• _The problem_: Your reply should reproduce all the data below exactly while excluding the pictures.
+++
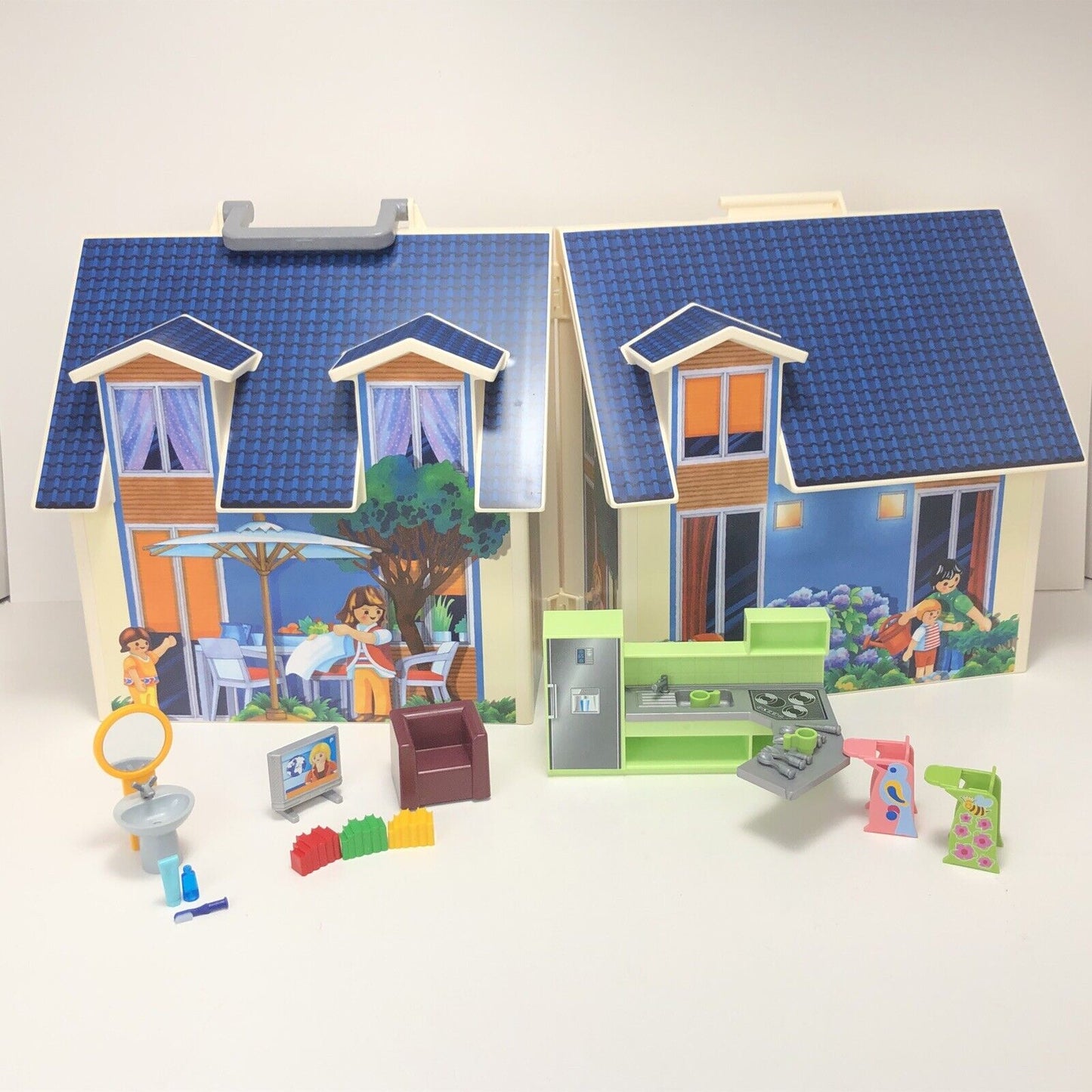 Playmobil - Take Along Dollhouse
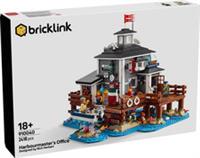 LEGO BRICKLINK DESIGNER PROGRAM SERIES 3 HARBOURMASTERS OFFICE 910040 New Sealed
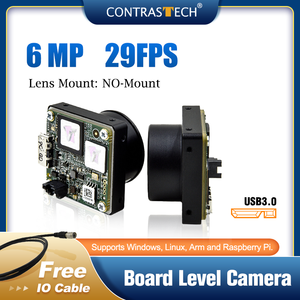 Low Power VGA to 12 Mpix 170fps USB3.0 Board Level Camera for <strong>Embedded</strong> Vision <strong>Systems</strong> - Product Image 5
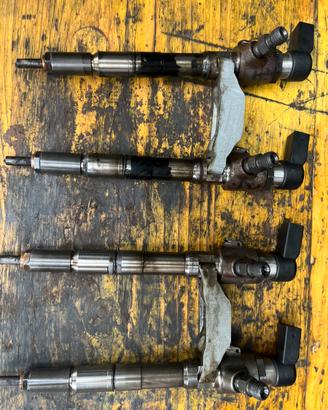 Ignettori e pompa Golf 6 1.6cc diesel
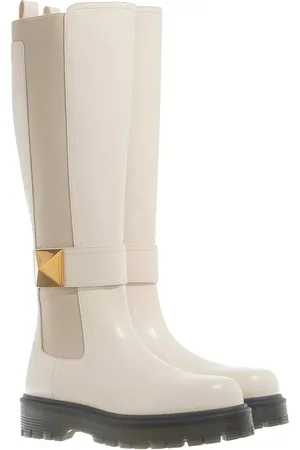VALENTINO GARAVANI Stiefel & Boots - One Stud High Boot - Gr. 38 (EU) - in - für Damen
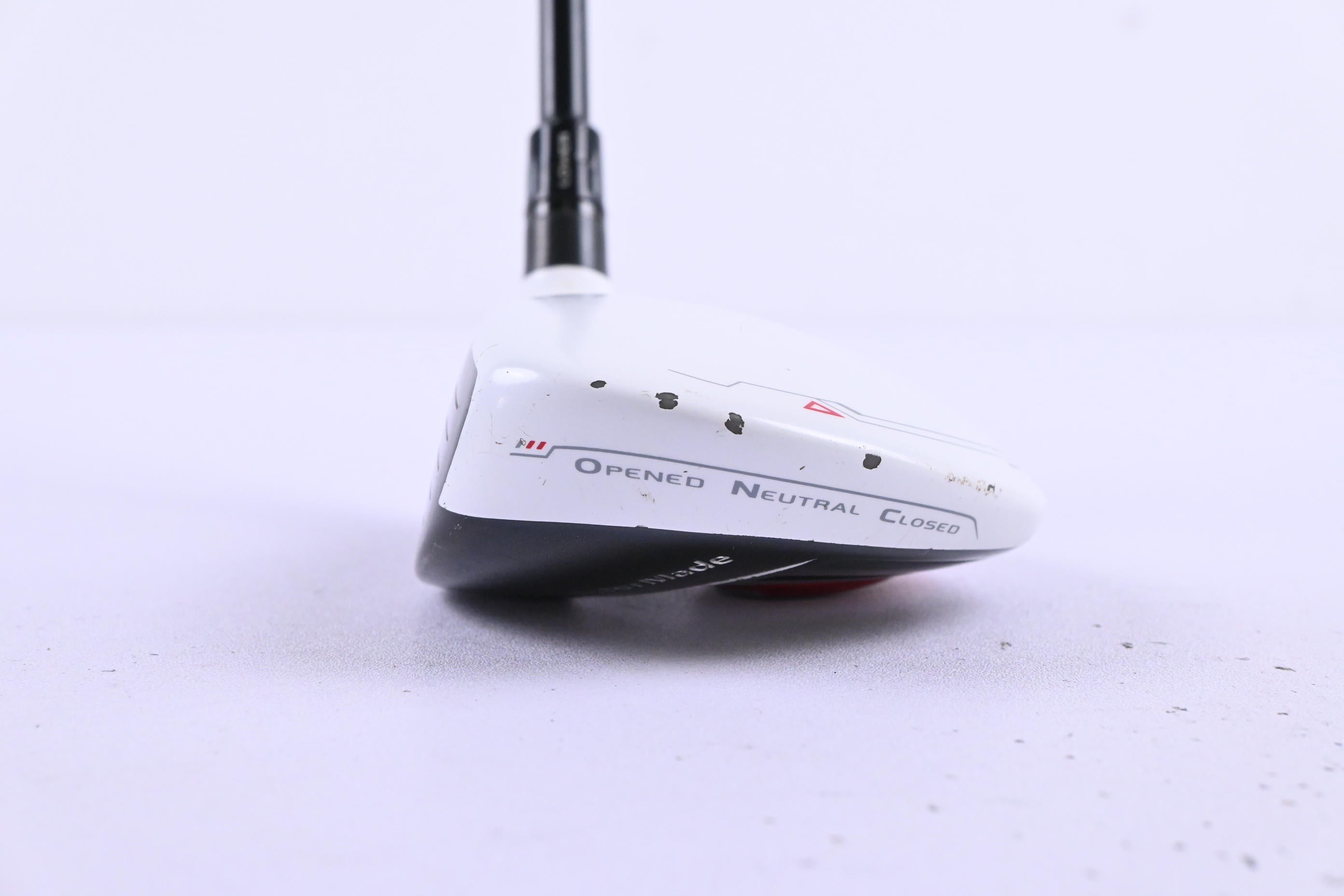 Left Hand Taylormade R11 #3 Wood / 15.5 Degree / Regular Flex Fujikura Blur 70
+++
• _Expected answer_:
 Playmobil - Take Along Dollhouse
 LEGO BRICKLINK DESIGNER PROGRAM SERIES 3 HARBOURMASTERS OFFICE 910040 New Sealed
 Low Power VGA to 12 Mpix 170fps USB3.0 Board Level Camera for <strong>Embedded</strong> Vision <strong>Systems</strong> - Product Image 5
 Ignettori e pompa Golf 6 1.6cc diesel
VALENTINO GARAVANI Stiefel & Boots - One Stud High Boot - Gr. 38 (EU) - in - für Damen
 Left Hand Taylormade R11 #3 Wood / 15.5 Degree / Regular Flex Fujikura Blur 70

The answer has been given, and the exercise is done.